In the early 1990s, a group of concerned citizens in Norman, Oklahoma, began to lobby for a new museum facility to better care for the state’s collection of natural and cultural artifacts. The group ultimately secured a special election in 1992, which concluded with the citizens of Norman pledging a $5 million bond commitment for the construction of a new museum facility, contingent on the state of Oklahoma and private donors raising $30 million. A statewide bond election passed, securing the state of Oklahoma’s $15 million financial commitment. Shortly after, a $10 million donation from the Samuel Roberts Noble Foundation and affiliates secured both the facility’s official name, the Sam Noble Oklahoma Museum of Natural History, and most of the remaining funds needed for the facility’s construction with help from other key donors and supporters.
Groundbreaking for the Sam Noble Oklahoma Museum of Natural History took place in 1996, and the new museum building was officially opened to the public in May 2000.

Permanent Exhibits

Hall of Ancient Life

Stretching back into the prehistory of Oklahoma, the Siegfried Family Hall of Ancient Life extends from the formation of Planet Earth up to the most recent Ice Age. The gallery features detailed models, interactive tools, detailed dioramas of cast fossil specimens and original fossil specimens.
  • Clash of the Titans – The Jon Rex and Ann Jones & Jonny and Brenda Jones Clash of the Titans is the largest exhibit featured in the Hall of Ancient Life. It depicts Oklahoma’s state fossil, the large carnivore Saurophaganax maximus challenging a representation of the largest known Apatosaurus , reconstructed by upscaling smaller apatosaur fossil specimens to match the largest known pieces currently preserved in the Sam Noble Museum’s vertebrate paleontology collection.
  • Pentaceratops – The Hall of Ancient Life also features an original, nearly complete mounted fossilized skeleton of Pentaceratops, arguably classified by some as Titanoceratops ouranos. This specimen currently holds the Guinness World Record for the largest skull of any known land animal in recorded history.

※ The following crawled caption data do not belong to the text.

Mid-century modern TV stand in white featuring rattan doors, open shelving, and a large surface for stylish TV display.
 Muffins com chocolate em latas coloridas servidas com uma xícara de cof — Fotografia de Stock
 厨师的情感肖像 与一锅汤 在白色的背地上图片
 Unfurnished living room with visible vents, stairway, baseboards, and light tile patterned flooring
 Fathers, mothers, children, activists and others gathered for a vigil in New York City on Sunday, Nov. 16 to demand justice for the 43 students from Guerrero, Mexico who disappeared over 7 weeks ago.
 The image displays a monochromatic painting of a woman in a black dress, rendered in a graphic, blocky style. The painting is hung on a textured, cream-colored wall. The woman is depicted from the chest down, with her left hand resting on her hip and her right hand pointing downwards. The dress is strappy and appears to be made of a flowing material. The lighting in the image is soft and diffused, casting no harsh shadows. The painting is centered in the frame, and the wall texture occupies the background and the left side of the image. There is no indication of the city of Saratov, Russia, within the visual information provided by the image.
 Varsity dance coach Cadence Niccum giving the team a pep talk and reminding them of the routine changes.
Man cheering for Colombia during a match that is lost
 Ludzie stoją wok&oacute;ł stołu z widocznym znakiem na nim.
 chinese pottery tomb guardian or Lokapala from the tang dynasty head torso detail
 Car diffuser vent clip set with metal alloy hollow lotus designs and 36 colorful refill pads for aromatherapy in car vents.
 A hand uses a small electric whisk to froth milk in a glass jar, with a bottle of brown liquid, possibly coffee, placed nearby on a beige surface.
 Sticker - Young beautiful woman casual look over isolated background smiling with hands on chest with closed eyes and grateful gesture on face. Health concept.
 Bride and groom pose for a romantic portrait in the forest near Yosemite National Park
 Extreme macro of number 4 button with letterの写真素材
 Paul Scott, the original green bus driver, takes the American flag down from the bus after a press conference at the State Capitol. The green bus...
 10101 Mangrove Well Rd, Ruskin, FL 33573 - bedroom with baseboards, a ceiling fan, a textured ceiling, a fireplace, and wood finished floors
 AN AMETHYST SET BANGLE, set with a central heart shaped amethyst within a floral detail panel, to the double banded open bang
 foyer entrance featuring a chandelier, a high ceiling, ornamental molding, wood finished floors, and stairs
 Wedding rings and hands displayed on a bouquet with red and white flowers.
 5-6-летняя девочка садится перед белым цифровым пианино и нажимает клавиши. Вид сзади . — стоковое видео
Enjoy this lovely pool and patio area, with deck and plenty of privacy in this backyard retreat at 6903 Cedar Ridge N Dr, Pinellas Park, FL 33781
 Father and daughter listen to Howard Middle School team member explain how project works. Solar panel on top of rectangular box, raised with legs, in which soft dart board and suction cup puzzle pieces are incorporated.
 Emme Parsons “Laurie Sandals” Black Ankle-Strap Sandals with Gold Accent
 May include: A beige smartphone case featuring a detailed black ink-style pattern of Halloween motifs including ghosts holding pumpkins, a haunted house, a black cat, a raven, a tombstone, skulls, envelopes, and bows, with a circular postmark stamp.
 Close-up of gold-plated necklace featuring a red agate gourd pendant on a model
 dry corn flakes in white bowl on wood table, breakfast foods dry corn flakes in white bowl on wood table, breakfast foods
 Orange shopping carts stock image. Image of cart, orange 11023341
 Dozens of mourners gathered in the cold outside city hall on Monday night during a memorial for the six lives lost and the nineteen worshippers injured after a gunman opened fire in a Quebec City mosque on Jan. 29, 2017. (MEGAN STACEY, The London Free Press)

    Hall of the People of Oklahoma

The McCasland Foundation Hall of the People of Oklahoma traces the 30,000-year history of Native inhabitants of Oklahoma and North America. Exhibits detail the earliest known evidence of human activity in Oklahoma, continuing up to the present, and examining what it means to be a Native American in Oklahoma today.
  • Cooper Skull – Highlights within the Hall of the People of Oklahoma include the “Cooper Skull,” a skull of a now extinct bison species, painted with a red zigzag pattern. At 10,000 years old, it is the oldest known painted object in North America.

    Hall of World Cultures

The Merkel Family Foundation Gallery of World Cultures features objects and artifacts of traditional art and material culture from around the world, chosen from the museum’s diverse ethnology collection. The gallery also includes a large section of mosaic found in Antioch and dating to around 100 CE.

Hall of Natural Wonders

The Noble Drilling Corporation Hall of Natural Wonders highlights the biodiversity found across Oklahoma. Immersion-style dioramas aim to surround visitors with both the sights and sounds of unique biomes and environments native to the state. From the Ozark highlands, limestone caves, mixed grass prairies, to the Black Mesa, the habitats of Oklahoma all come together in some of the most recent and interactive additions to the Sam Noble Museum.